> Data provided:
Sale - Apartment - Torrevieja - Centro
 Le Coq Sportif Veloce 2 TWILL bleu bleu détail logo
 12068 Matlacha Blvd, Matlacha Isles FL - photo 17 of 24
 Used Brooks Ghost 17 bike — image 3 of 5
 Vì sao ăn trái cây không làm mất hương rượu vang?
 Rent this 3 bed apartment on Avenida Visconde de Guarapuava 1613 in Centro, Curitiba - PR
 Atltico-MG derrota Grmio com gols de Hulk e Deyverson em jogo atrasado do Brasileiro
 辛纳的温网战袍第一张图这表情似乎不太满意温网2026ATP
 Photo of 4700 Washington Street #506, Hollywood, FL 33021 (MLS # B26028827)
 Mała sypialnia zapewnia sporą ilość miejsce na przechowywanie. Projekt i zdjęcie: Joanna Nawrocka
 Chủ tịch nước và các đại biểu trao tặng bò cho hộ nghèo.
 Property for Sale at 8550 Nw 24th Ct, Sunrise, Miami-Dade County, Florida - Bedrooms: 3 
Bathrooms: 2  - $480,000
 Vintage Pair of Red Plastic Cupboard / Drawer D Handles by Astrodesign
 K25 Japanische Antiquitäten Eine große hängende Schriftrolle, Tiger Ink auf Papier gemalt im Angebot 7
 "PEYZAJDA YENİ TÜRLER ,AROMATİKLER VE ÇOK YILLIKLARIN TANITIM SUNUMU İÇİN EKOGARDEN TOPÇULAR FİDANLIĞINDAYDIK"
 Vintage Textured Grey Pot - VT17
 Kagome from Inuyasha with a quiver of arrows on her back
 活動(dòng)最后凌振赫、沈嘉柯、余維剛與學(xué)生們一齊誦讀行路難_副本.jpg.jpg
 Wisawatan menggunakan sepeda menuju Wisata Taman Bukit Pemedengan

> Your instructions: Make an exact copy of every entry.

> The answer:
Sale - Apartment - Torrevieja - Centro
 Le Coq Sportif Veloce 2 TWILL bleu bleu détail logo
 12068 Matlacha Blvd, Matlacha Isles FL - photo 17 of 24
 Used Brooks Ghost 17 bike — image 3 of 5
 Vì sao ăn trái cây không làm mất hương rượu vang?
 Rent this 3 bed apartment on Avenida Visconde de Guarapuava 1613 in Centro, Curitiba - PR
 Atltico-MG derrota Grmio com gols de Hulk e Deyverson em jogo atrasado do Brasileiro
 辛纳的温网战袍第一张图这表情似乎不太满意温网2026ATP
 Photo of 4700 Washington Street #506, Hollywood, FL 33021 (MLS # B26028827)
 Mała sypialnia zapewnia sporą ilość miejsce na przechowywanie. Projekt i zdjęcie: Joanna Nawrocka
 Chủ tịch nước và các đại biểu trao tặng bò cho hộ nghèo.
 Property for Sale at 8550 Nw 24th Ct, Sunrise, Miami-Dade County, Florida - Bedrooms: 3 
Bathrooms: 2  - $480,000
 Vintage Pair of Red Plastic Cupboard / Drawer D Handles by Astrodesign
 K25 Japanische Antiquitäten Eine große hängende Schriftrolle, Tiger Ink auf Papier gemalt im Angebot 7
 "PEYZAJDA YENİ TÜRLER ,AROMATİKLER VE ÇOK YILLIKLARIN TANITIM SUNUMU İÇİN EKOGARDEN TOPÇULAR FİDANLIĞINDAYDIK"
 Vintage Textured Grey Pot - VT17
 Kagome from Inuyasha with a quiver of arrows on her back
 活動(dòng)最后凌振赫、沈嘉柯、余維剛與學(xué)生們一齊誦讀行路難_副本.jpg.jpg
 Wisawatan menggunakan sepeda menuju Wisata Taman Bukit Pemedengan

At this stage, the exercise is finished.